[Saved entries]
____

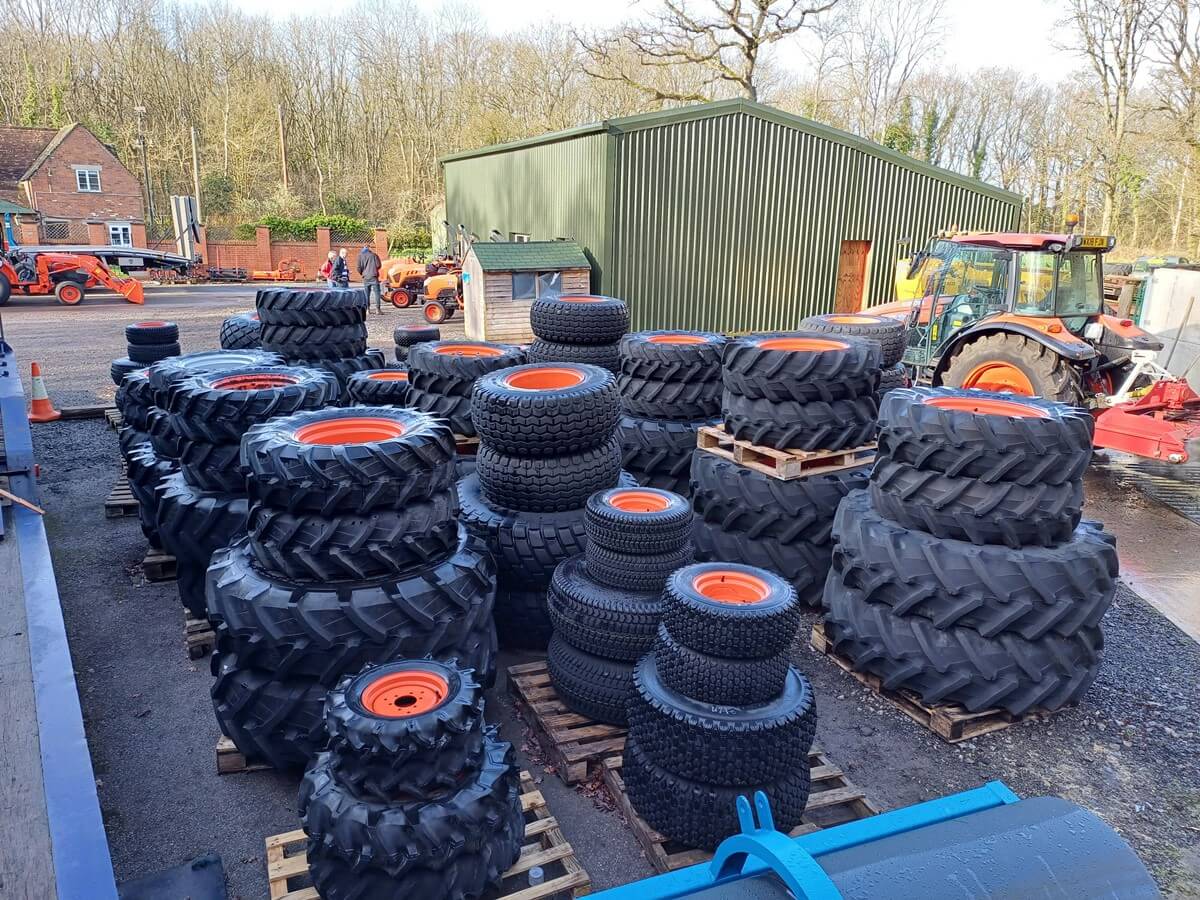 Thumbnail of Wheels & tyres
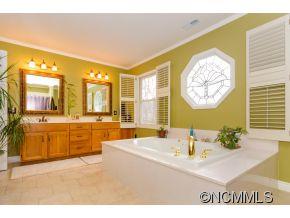 125 Forest Lake Drive Asheville NC 28803
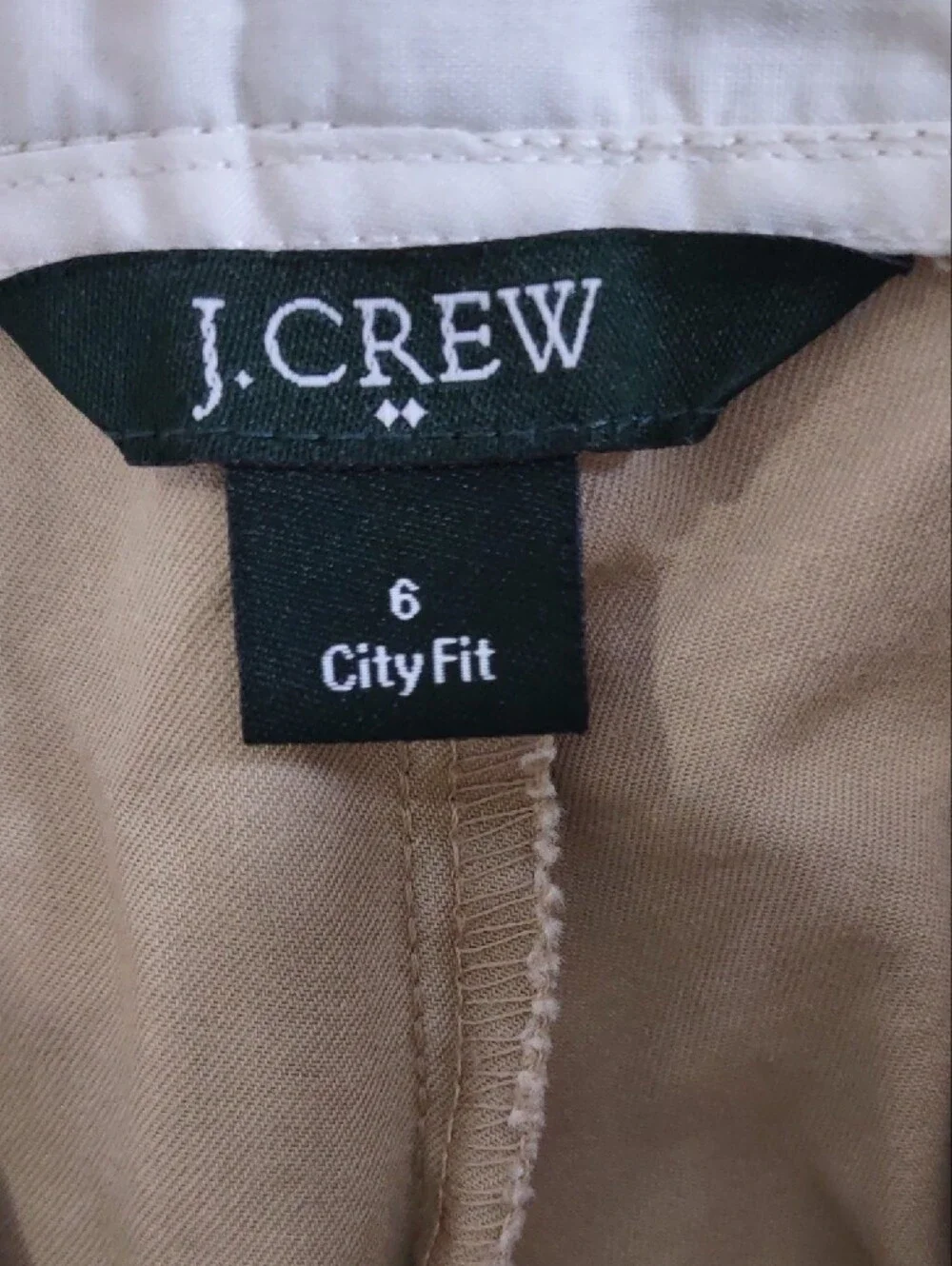 J.Crew Broken-In Boyfriend Khaki Chino Pants Tan Beige Size 6. Excellent Cond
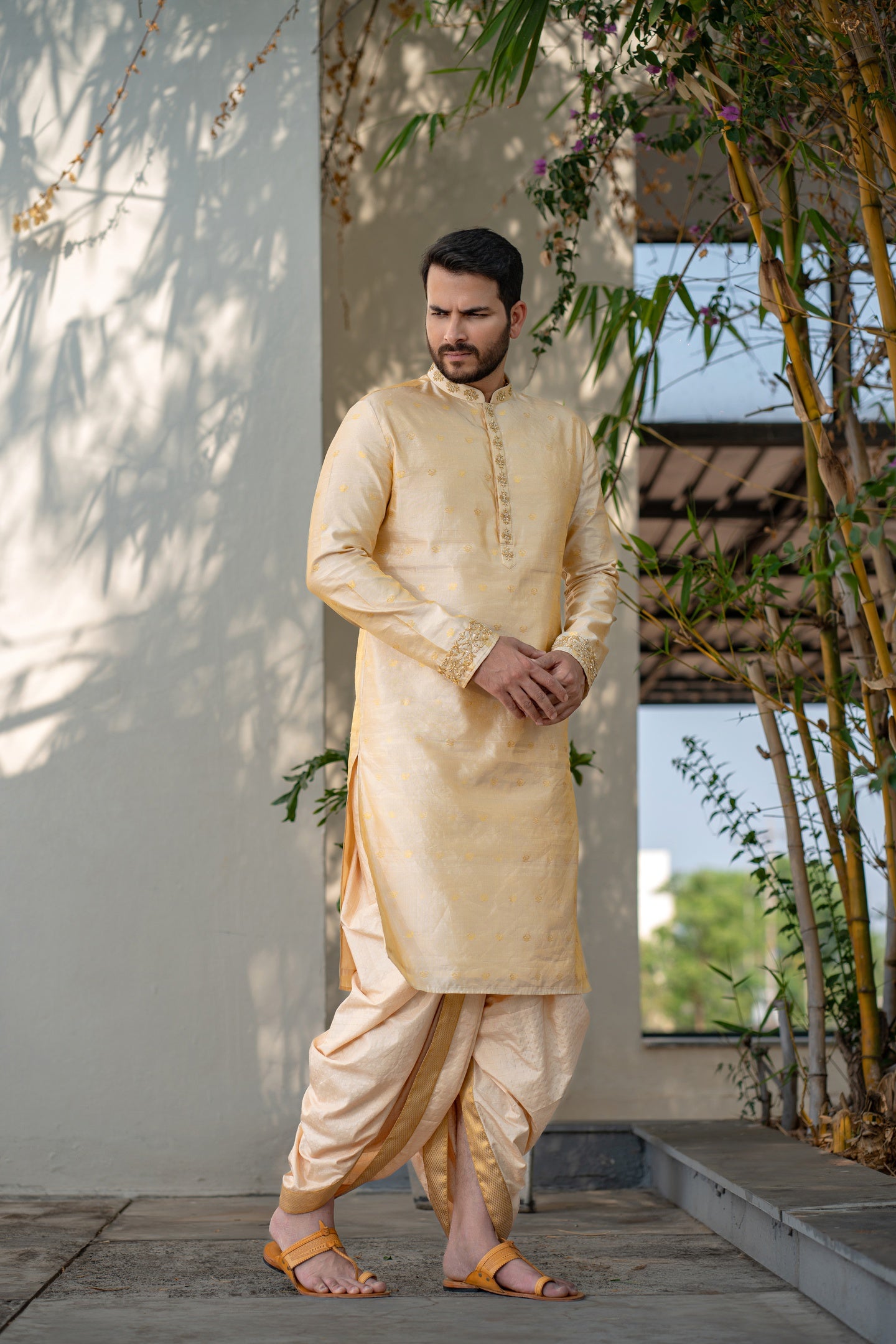 GOLDEN WEAVE MAJESTY KURTA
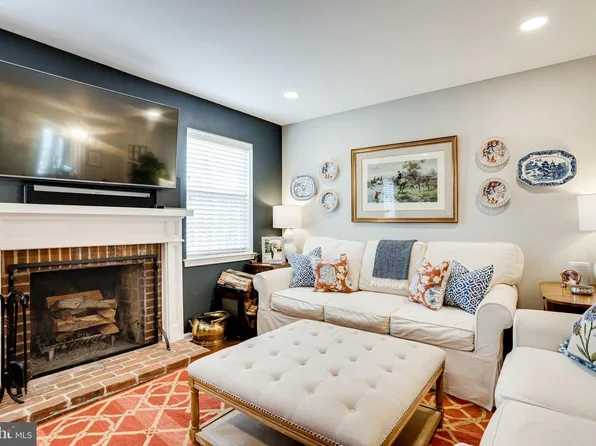 1653 S Barton St, Arlington, VA 22204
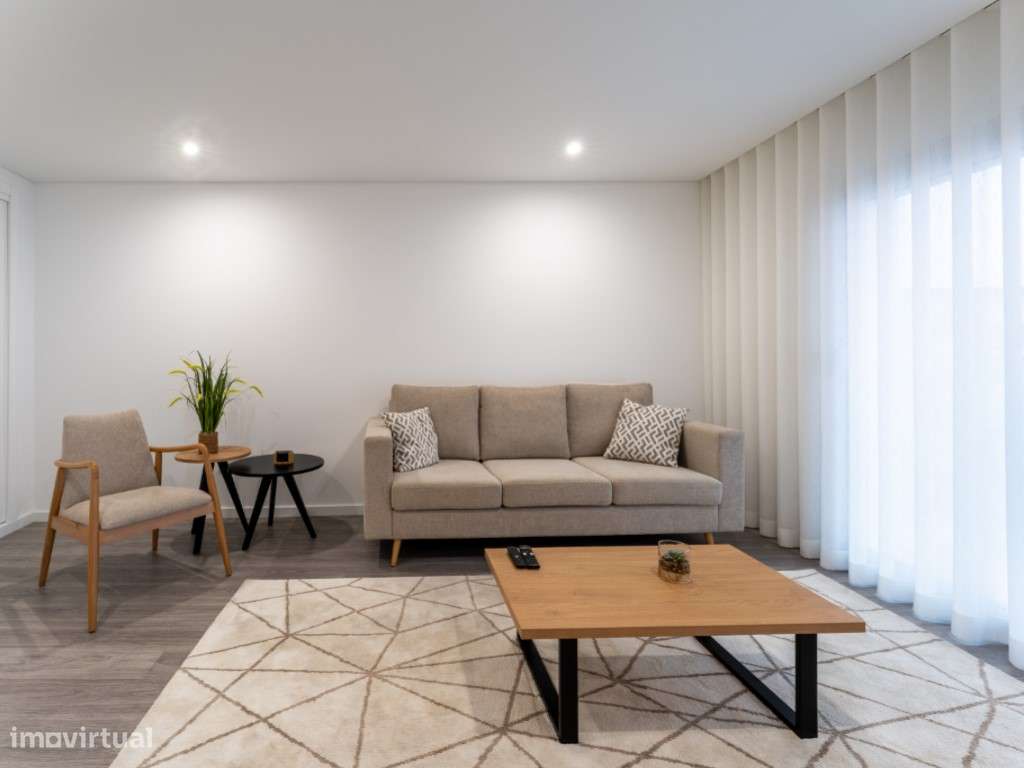 Apartamento com vista mar, piscina e estacionamento na Nazaré-17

____

_Task_
What is needed here is each line above set down word for word, minus the images.

_Result below_
 Thumbnail of Wheels & tyres
 125 Forest Lake Drive Asheville NC 28803
 J.Crew Broken-In Boyfriend Khaki Chino Pants Tan Beige Size 6. Excellent Cond
 GOLDEN WEAVE MAJESTY KURTA
 1653 S Barton St, Arlington, VA 22204
 Apartamento com vista mar, piscina e estacionamento na Nazaré-17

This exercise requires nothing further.